Tap and die will do it
The encoder is most commonly used, or more exactly the index marker on the encoder is what is used. This is nothing more or less than a switch that gets 'made' once per revolution of the spindle. Now an encoder is a neat way to do this, because it doesn't have bouncy contacts, and has a very short pulse duration, making a clean signal.
The rest of what happens are simple repetitive mechanical sequences. If motion of the Z axis motor begins with always the same delay from whenever the pulse was detected, then the carriage should track along the same path as before.

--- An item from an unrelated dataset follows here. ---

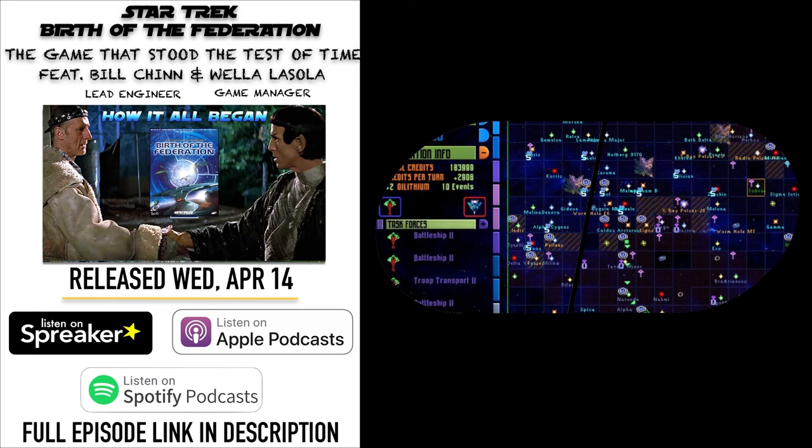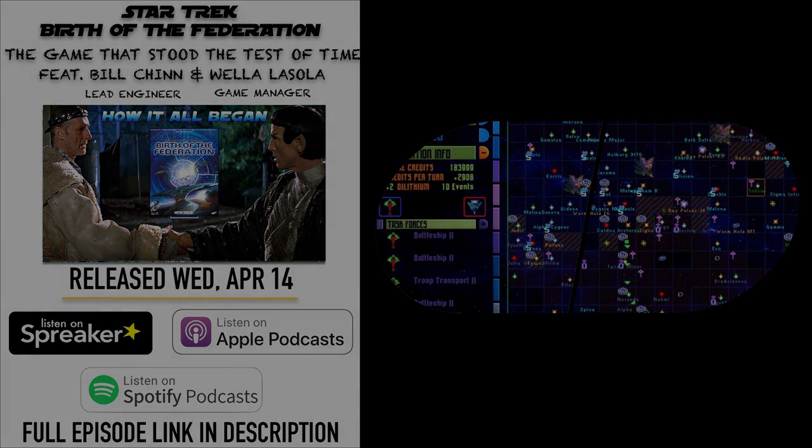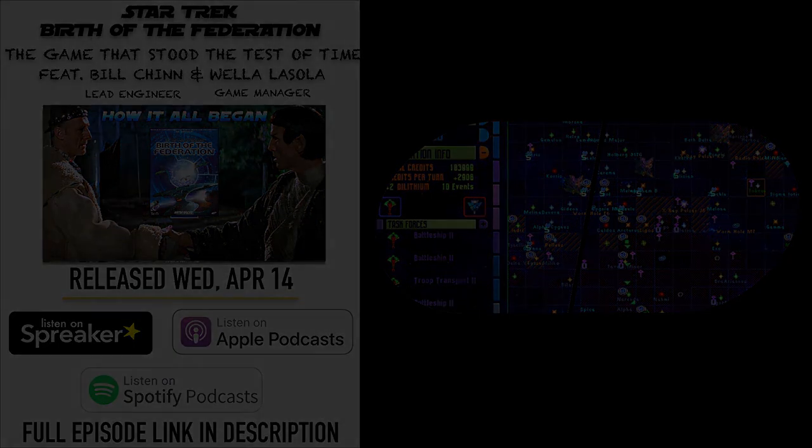Microprose published and developed with Simtex, which was part of Microprose, Master of Orion. And you can see a lot of Master of Orion heritage inside of Star Trek: Birth of the Federation. Yeah, definitely.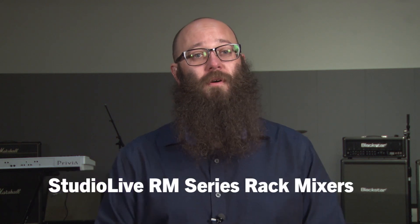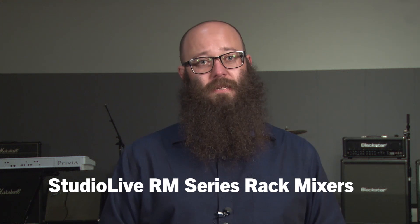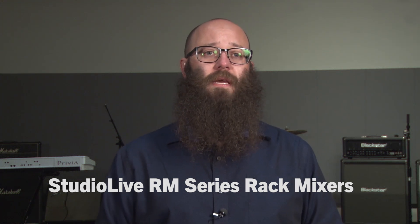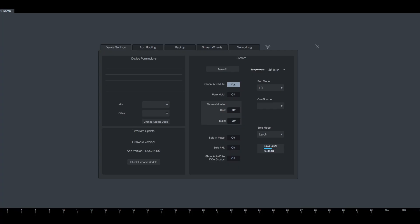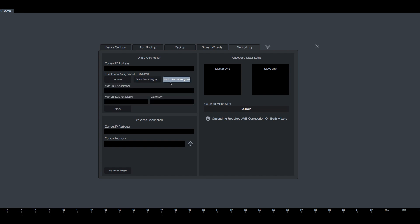The network modes for the StudioLive RM Mixer's wired Ethernet interface can be configured from the networking tab in UC Surface or from the front panel during boot up. To access the settings from UC Surface, click the gear icon in the top right corner to open the settings page. Click the networking tab, and under wired connection, select the desired IP address assignment mode, and press the apply renew button to apply changes.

Analog circuits are good for detecting change of state. Digital detection of the encoder pulse can be more difficult because of sampling rate. An encoder running at 500 rpm, with a pulse width of only .001 revolution, requires a very high sampling rate to catch the pulse going past the detector. From my own testing with a Galil controller, I found that although the pulse could be detected with a high speed latch, there were other things going on within the controller that produced a variable length of time between detection and initiation of motor motion. This spoils the tracking of the tool and can easly spoil the thread at any time a next cut is attempted.
Lathe type threading does not require feedback because it is not 'rigid tapping'. The spindle never stops, so the Z axis cannot be electronically geared to mesh with the rotation of the spindle encoder because the sync will be lost whenever the Z must stop and reverse. A lathe spindle has far too much momentum to stop on a dime and reverse instantly unless it is a very powerful servo itself.